コラム
【連載】オンナ万引きGメン日誌

「あの人、見覚えがある……」万引きGメンが捕まえた熟年女性、その正体にスーパーの社長も絶句

2019/01/26 17:00

 顔見知りを見かけることもなく無難に前半の業務を終えて、閑散とした店内を見ながら休憩に入ろうか考えていると、どこか見覚えのある熟年女性が売場に入ってきました。

(あれ、あの人……、誰だっけ?)

 絶対に見たことがある人なのに、年齢のせいなのか、どうにも思い出せません。遠目から気付かれぬように、顔を見ながら記憶を辿ってみても、まったく思い出せないのです。すると、持ち手つきのサラダ油(198円・税抜)の前で足を止めた熟年女性は、片手に3本ずつ、合計6本のサラダ油を手にすると、嫌な目付きで後方を振り返りました。万引きを特集するテレビ番組的にいえば、まさに「ちょバリ(超バリバリに挙動が怪しい)」といった様子で、この人が誰なのかということは、もはやどうでもよいことになりました。

(きっと、やる)

 そう確信した私は、絶対に気付かれない位置から、熟年女性の行動を見守ります。出口付近ですれ違った女性店員と、軽く挨拶を交わしたところをみると、恐らくは常連客なのでしょう。なに食わぬ顔で、女性店員が店内に戻るのを見届けた熟年女性は、少しだけ顔をひきつらせながら後方を振り返ると、6本のサラダ油を持ったまま店の外に出ていってしまいました。できる限りの早足で追いかけ、道路を横断しようとする熟年女性に追いついた私は、その背後からそっと声をかけます。

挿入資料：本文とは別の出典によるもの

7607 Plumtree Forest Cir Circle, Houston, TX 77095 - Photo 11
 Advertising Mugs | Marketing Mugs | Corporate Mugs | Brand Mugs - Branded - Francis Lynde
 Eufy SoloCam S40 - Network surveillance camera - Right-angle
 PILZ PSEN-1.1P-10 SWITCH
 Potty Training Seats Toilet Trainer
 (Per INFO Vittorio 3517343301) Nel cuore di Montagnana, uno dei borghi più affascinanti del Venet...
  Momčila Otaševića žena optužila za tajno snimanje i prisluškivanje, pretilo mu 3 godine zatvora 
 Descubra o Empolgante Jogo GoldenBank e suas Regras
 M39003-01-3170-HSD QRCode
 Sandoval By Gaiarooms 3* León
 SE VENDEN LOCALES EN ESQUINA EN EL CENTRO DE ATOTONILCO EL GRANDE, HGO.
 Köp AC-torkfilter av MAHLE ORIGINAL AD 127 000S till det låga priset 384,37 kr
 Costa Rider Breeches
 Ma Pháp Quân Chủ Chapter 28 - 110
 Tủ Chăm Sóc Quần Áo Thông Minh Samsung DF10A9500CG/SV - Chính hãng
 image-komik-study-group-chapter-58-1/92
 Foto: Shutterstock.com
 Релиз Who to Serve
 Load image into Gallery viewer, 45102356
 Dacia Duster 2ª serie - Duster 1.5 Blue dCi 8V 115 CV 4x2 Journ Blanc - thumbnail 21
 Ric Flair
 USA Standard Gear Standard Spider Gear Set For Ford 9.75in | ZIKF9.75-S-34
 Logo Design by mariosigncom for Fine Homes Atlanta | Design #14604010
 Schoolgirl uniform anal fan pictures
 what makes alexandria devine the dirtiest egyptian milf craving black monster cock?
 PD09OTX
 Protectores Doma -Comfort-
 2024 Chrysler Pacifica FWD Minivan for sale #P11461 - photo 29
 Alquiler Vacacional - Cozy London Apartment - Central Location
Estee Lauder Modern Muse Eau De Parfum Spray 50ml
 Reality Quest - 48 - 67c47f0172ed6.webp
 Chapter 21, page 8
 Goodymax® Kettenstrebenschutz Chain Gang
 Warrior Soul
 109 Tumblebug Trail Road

「こんにちは、店内保安です。お客様、なにかお忘れじゃないですか?」
「ひっつ……、な、な、なんですか?」
「なんですか、じゃないでしょう? そのサラダ油、お支払されてないですよね?」
「はあ? あっ、そうだ! ごめんなさい、うっかり忘れていました……」

 どこか芝居染みた口調で、意外と素直に犯行を認めた熟年女性は、その場を取り繕うように踵を返すと店内に向かって歩き始めました。

「ちょっと、待って。事務所は、こちらですよ」
「ちょっと忘れていただけなんですよ。お金払ってきますから、勘弁してください」
「なにも買わずに、それだけ持ち出しているんだから、そんなの通用しませんよ。事務所に来てもらえないなら、いますぐ警察を呼ぶことになりますけど、いいですか?」
「…………」

 携帯電話を手に通告すると、どうやら降参したらしい熟年女性は、ガックリとした面持ちで事務所への動向に応じました。手錠をはめられたような格好で、6本ものサラダ油を持ち歩く姿は異様で、どこか滑稽に見えるほどです。